Given data:
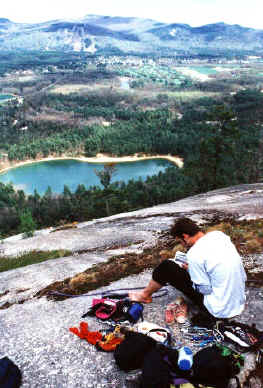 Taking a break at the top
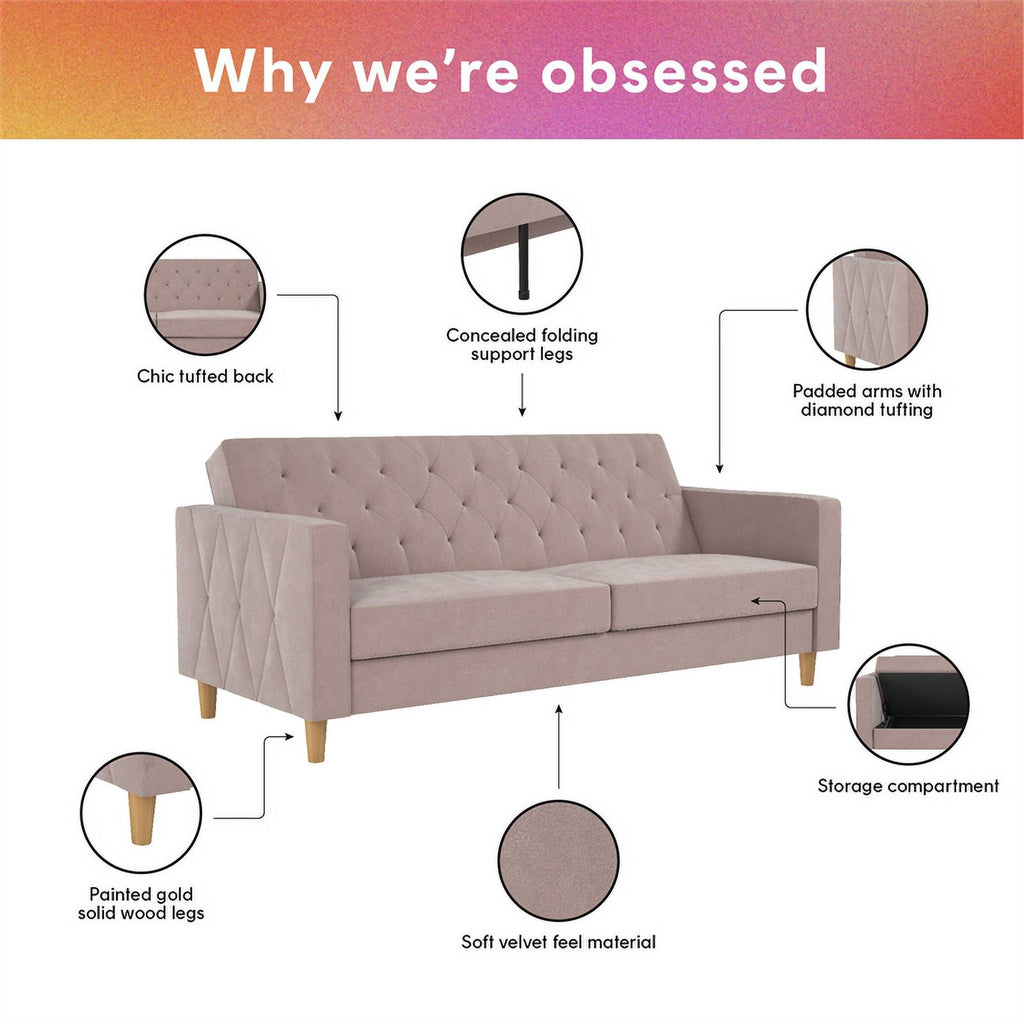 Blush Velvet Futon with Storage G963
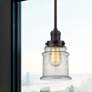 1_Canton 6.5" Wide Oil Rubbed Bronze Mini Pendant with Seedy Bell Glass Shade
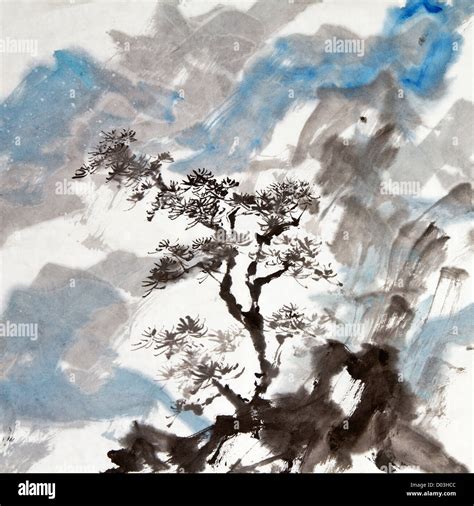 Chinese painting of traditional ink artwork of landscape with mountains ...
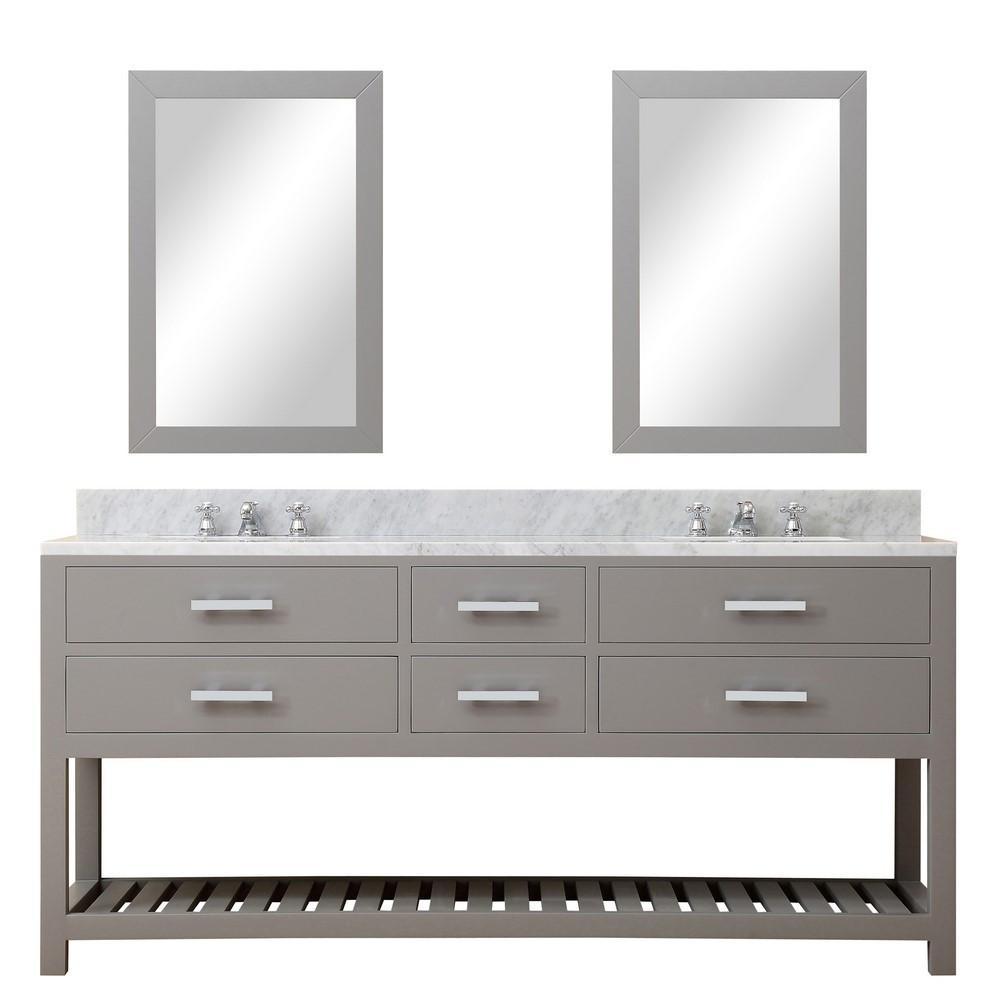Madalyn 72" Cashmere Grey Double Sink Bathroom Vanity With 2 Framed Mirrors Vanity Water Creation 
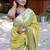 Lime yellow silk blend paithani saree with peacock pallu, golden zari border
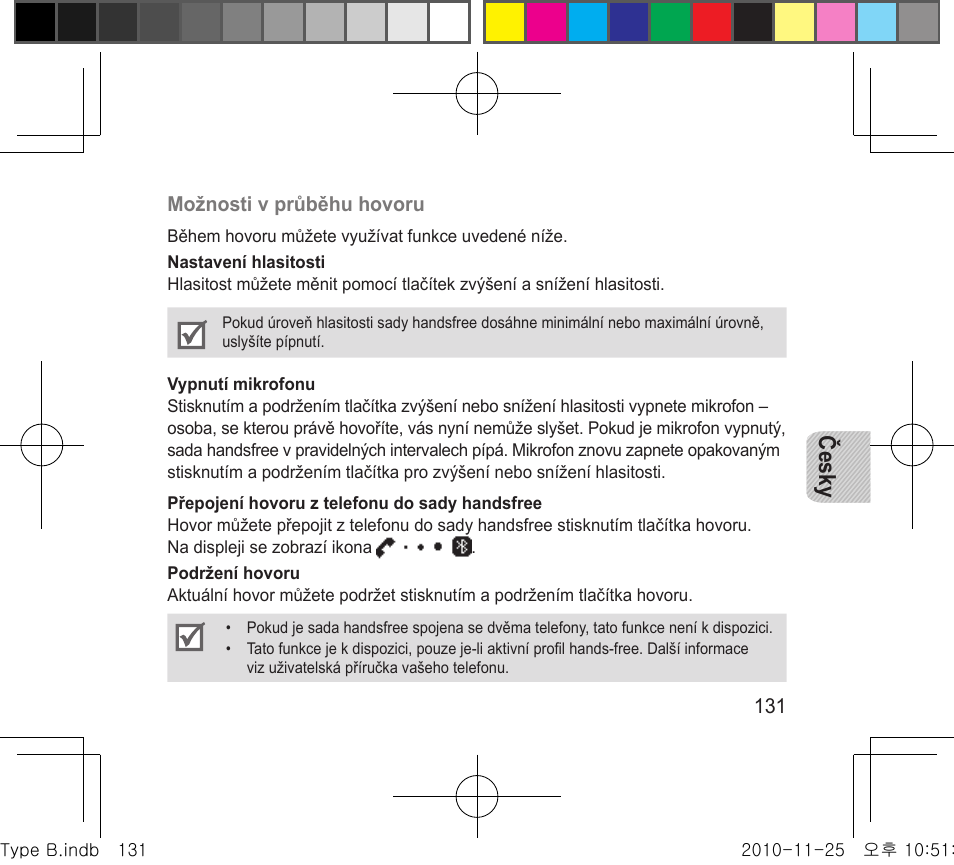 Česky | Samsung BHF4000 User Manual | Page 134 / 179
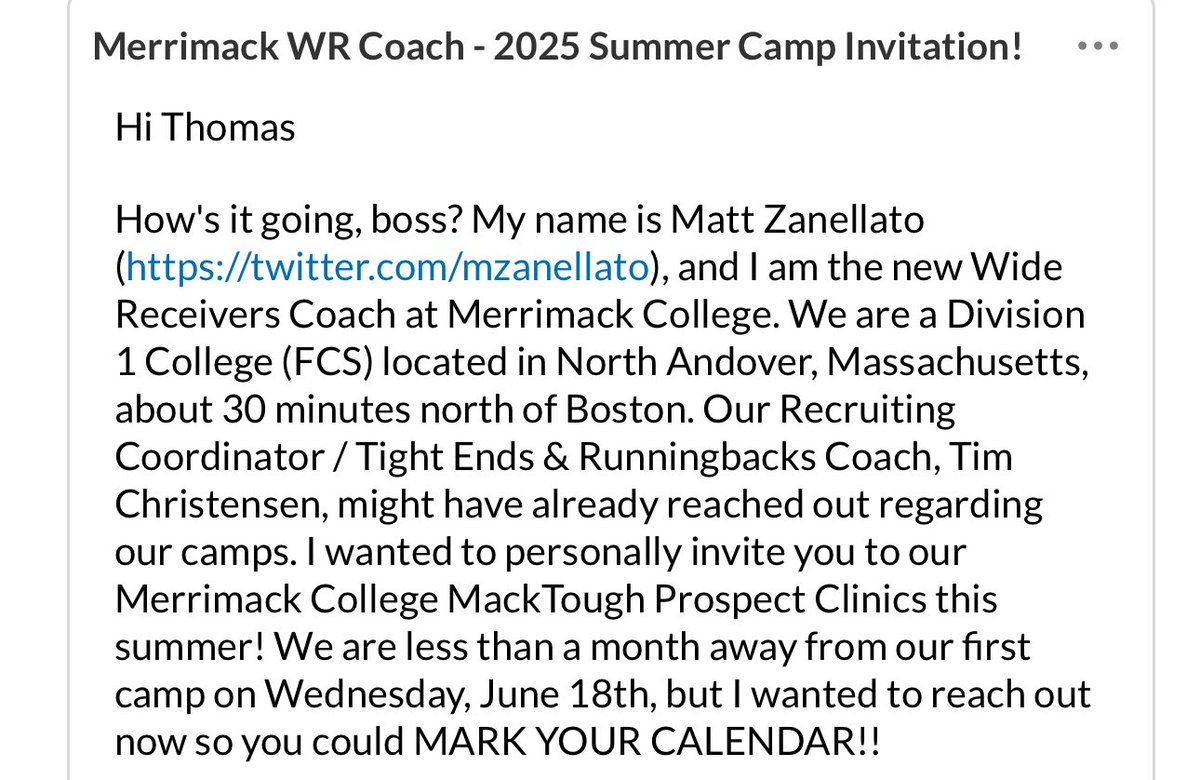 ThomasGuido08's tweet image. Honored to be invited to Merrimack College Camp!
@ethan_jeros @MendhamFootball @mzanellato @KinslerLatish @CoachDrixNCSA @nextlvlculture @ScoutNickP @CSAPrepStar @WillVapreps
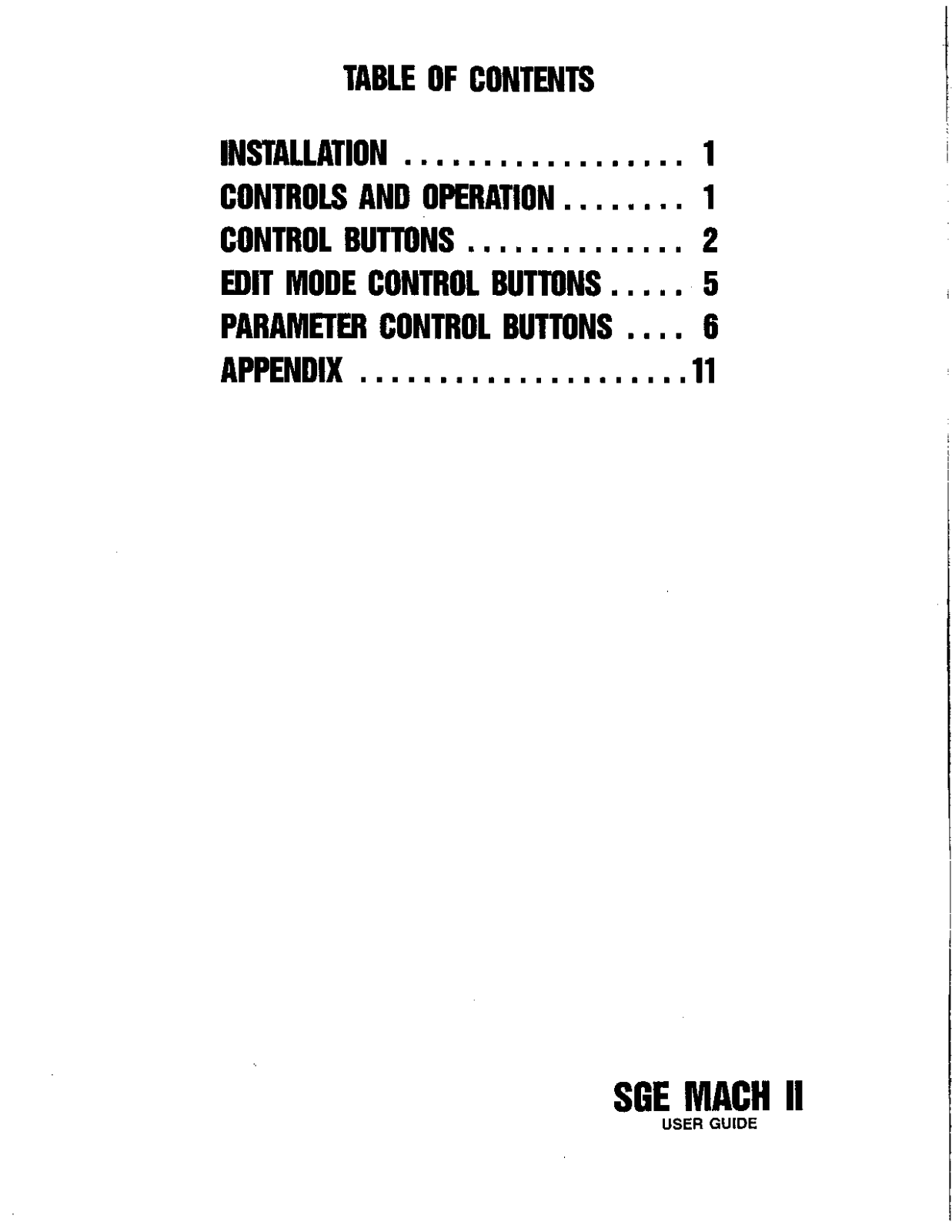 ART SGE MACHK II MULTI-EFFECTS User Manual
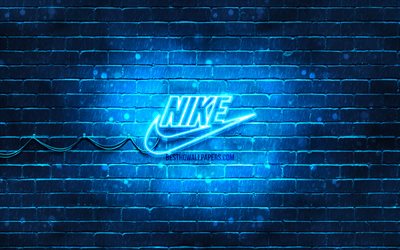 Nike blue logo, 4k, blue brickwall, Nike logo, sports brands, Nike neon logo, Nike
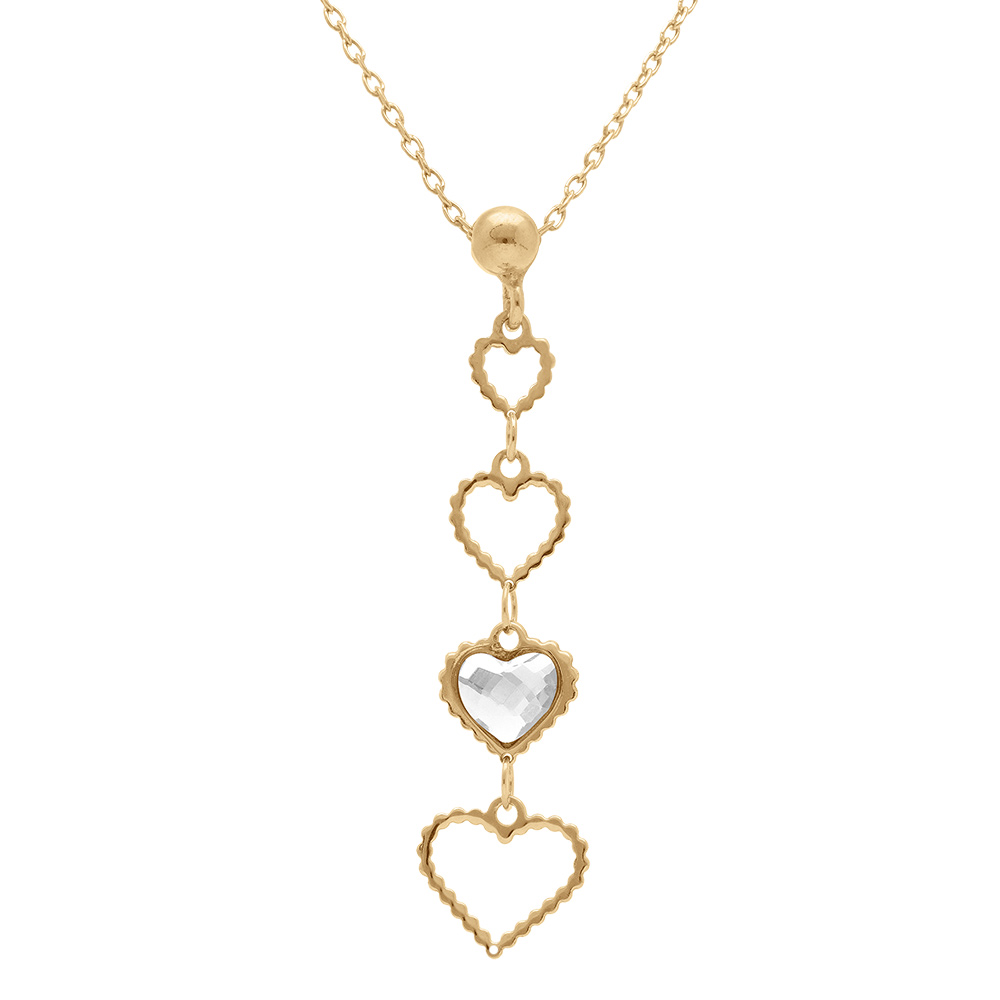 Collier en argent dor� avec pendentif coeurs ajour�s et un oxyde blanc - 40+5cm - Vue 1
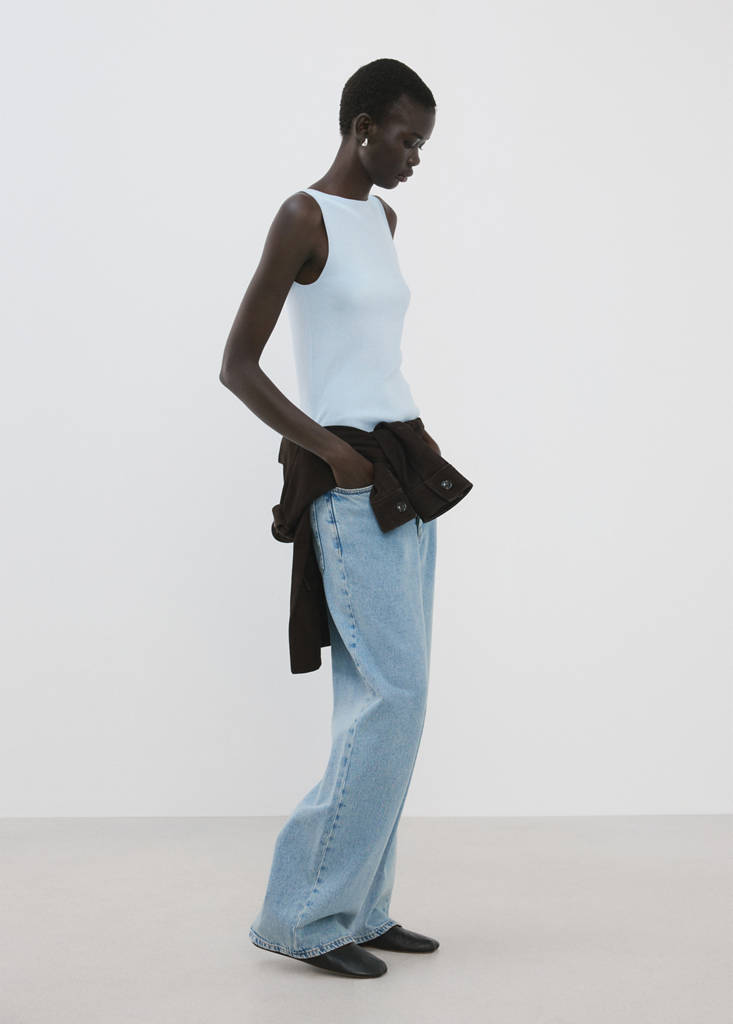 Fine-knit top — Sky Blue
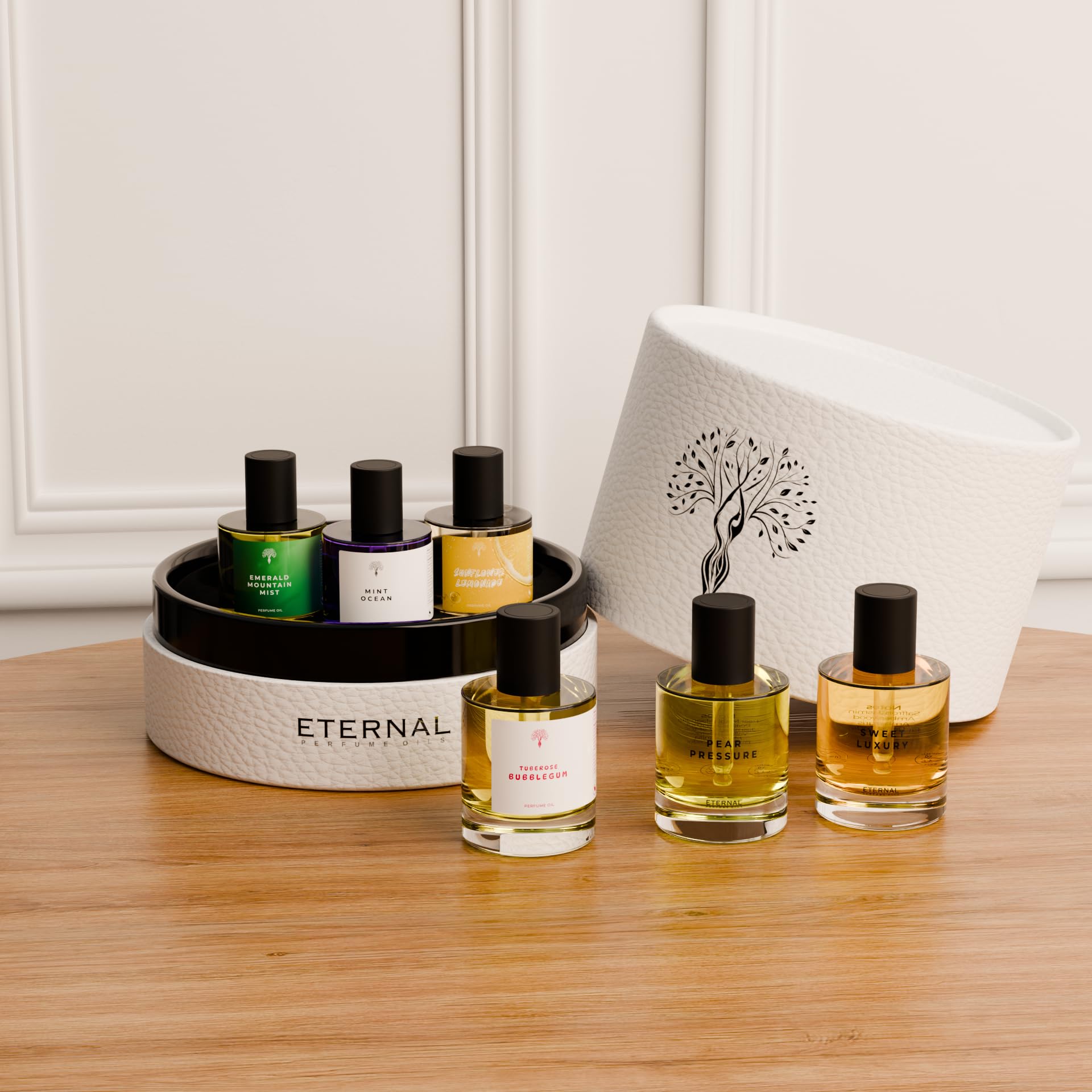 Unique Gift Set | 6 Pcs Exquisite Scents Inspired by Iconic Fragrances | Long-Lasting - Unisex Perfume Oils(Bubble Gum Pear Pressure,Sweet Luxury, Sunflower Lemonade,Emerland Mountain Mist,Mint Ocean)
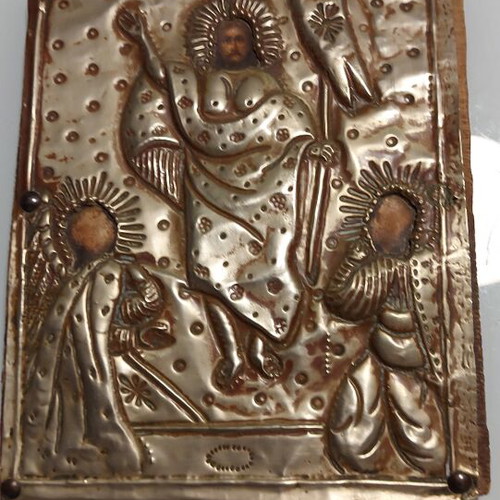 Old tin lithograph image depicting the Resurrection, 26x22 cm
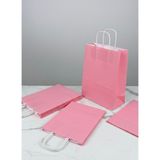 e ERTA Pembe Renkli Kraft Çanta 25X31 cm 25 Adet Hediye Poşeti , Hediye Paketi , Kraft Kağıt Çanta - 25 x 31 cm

What you will do: Transcribe exactly each line of the records from the start up to and including the one with "Chinese painting of", and leave out every picture.

Answer area:
 Taking a break at the top
 Blush Velvet Futon with Storage G963
 1_Canton 6.5" Wide Oil Rubbed Bronze Mini Pendant with Seedy Bell Glass Shade
 Chinese painting of traditional ink artwork of landscape with mountains ...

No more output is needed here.